Selezionando i primi 20 settori di export nazionale per controvalore si scopre che il rischio-Russia è ai livelli massimi per il comparto dei mobili, sfiorando il 7% del totale. L’impatto della crisi sul settore per ora è limitato, con dieci milioni di export persi nel primo semestre, circa il 3%, ma ciò che preoccupa è l’accelerazione della discesa (giù di oltre il 10% nel solo mese di giugno), che in prospettiva mette a rischio una fetta ben più consistente dei quasi 700 milioni esportati dai nostri produttori lo scorso anno.
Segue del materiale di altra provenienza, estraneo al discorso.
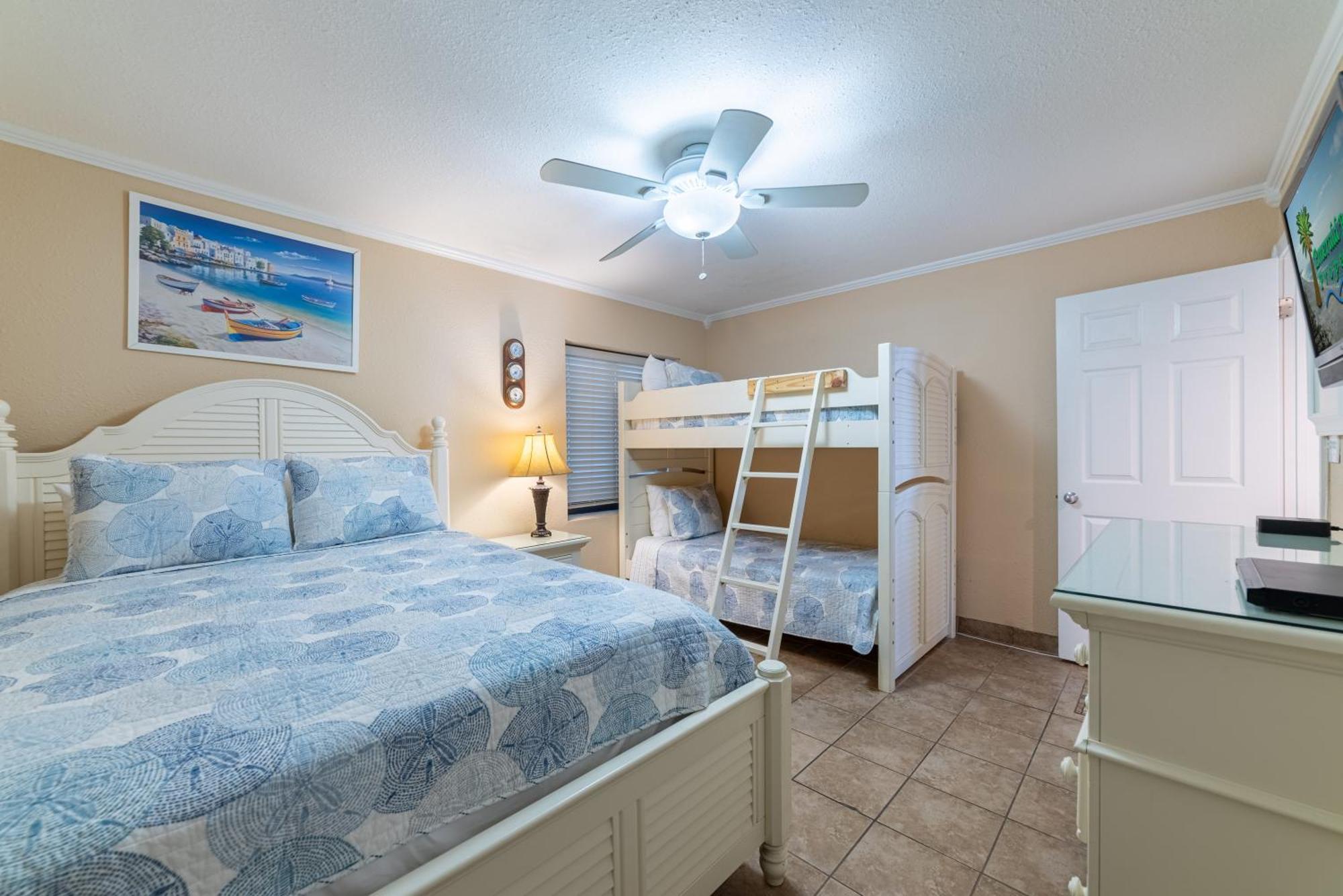 Villa Watercrest 0607 'Sail Away' Panama City Beach Exterior foto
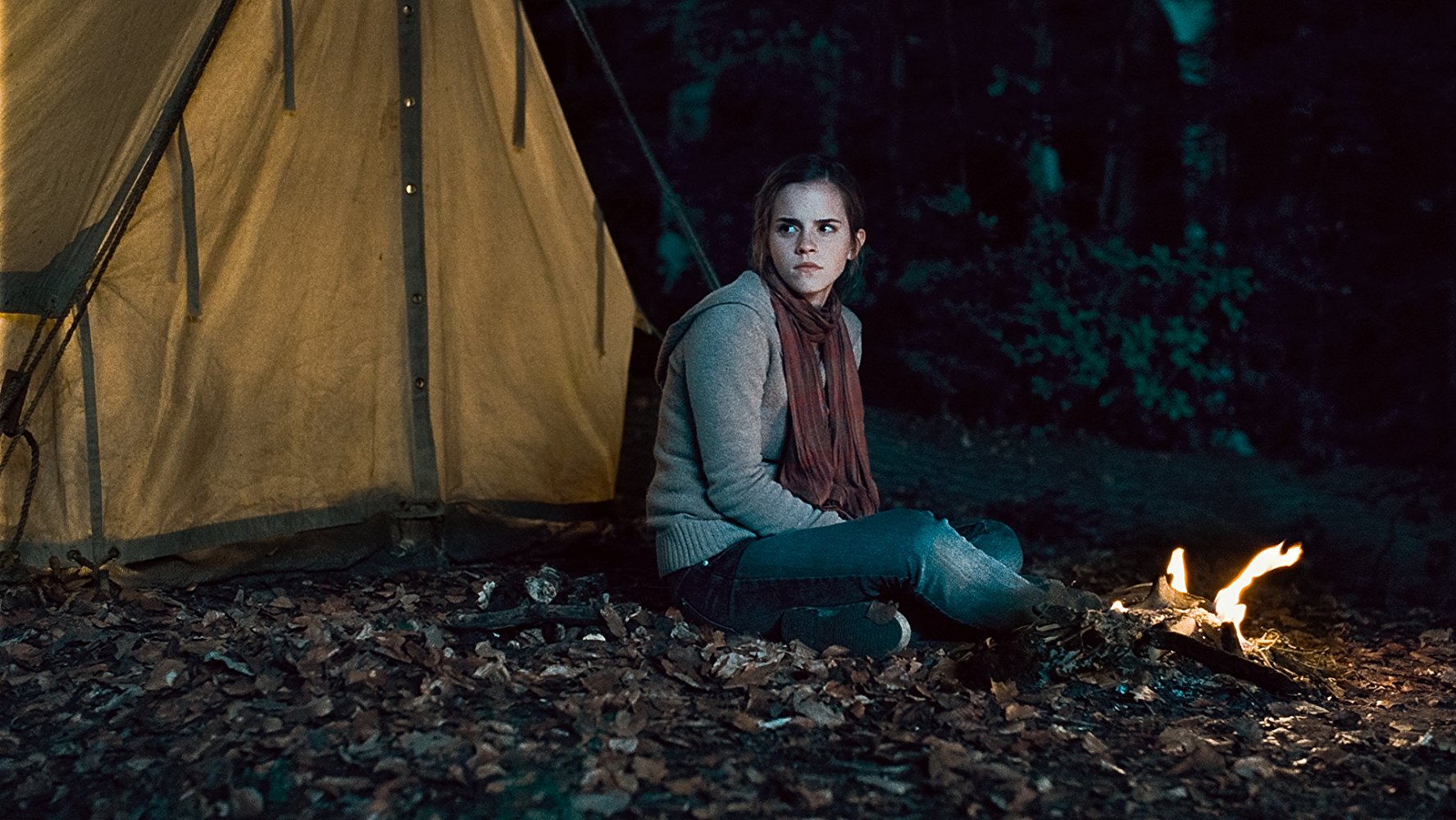 Hermione Granger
Subito dietro ai mobili c’è l’area vasta dell’abbigliamento, che lo scorso anno ha realizzato verso Mosca vendite per oltre un miliardo di euro, il 6,6% dell’export totale di settore. Il bilancio dei primi sei mesi 2014 è già negativo, con un calo di oltre il 7%, ben 40 milioni di euro tra gennaio e giugno. Un impatto che pesa in termini geografici ad esempio sulla provincia di Rimini, esposta per l’8,1% dell’export verso la Russia, cifra quasi interamente legata all’abbigliamento e crollata drasticamente da 68 a 50 milioni di euro nella prima metà del 2014. E gli effetti del calo, di questa come di altre province, si propagano a monte sull’intera filiera. «La situazione in Russia ci tocca direttamente ma anche indirettamente – spiega il presidente del Cotonificio Albini e di MilanoUnica Silvio Albini – perché anche molti nostri clienti vendono a Mosca. Ci sono nubi all’orizzonte ed è un problema, perché oggi l’export è il solo vero motore dell’intero comparto».
Tra le province più "pesanti" in termini di export, i rischi maggiori sono certamente per Bologna, per cui la Russia vale il 4% delle esportazioni totali. Nei primi sei mesi del 2014 si tratta di 232 milioni di euro, per quasi la metà legati ai macchinari. E proprio l’area vasta dei robot, delle macchine per packaging, legno, vetro, plastica, ceramica o tessile è il quarto settore più esposto in termini relativi verso la Russia. Tra gennaio e giugno si tratta di 1,3 miliardi di euro, il 3,5% dell’export totale, con alcuni segmenti dei macchinari che superano però ampiamente il 4%.
Guardando però anche ai comparti "minori", quelli che sviluppano volumi di export inferiori al miliardo di euro nel primo semestre 2014, i rischi più elevati sono senza dubbio per i produttori di cisterne, serbatoi e radiatori, capaci di esportare nel mondo 635 milioni tra gennaio e giugno, con un peso di Mosca superiore al 13%. «Per noi il giro d’affari dell’area vale circa 25 milioni – spiega Ettore Riello, presidente dell’omonimo gruppo, il 7-8% dell’export totale. Al momento stiamo vedendo un blocco totale in Ucraina mentre in Russia il mercato è solo in lieve calo. Certo, nel medio periodo vedo grandi complessità, è chiaro che da parte di tutti ci sia preoccupazione».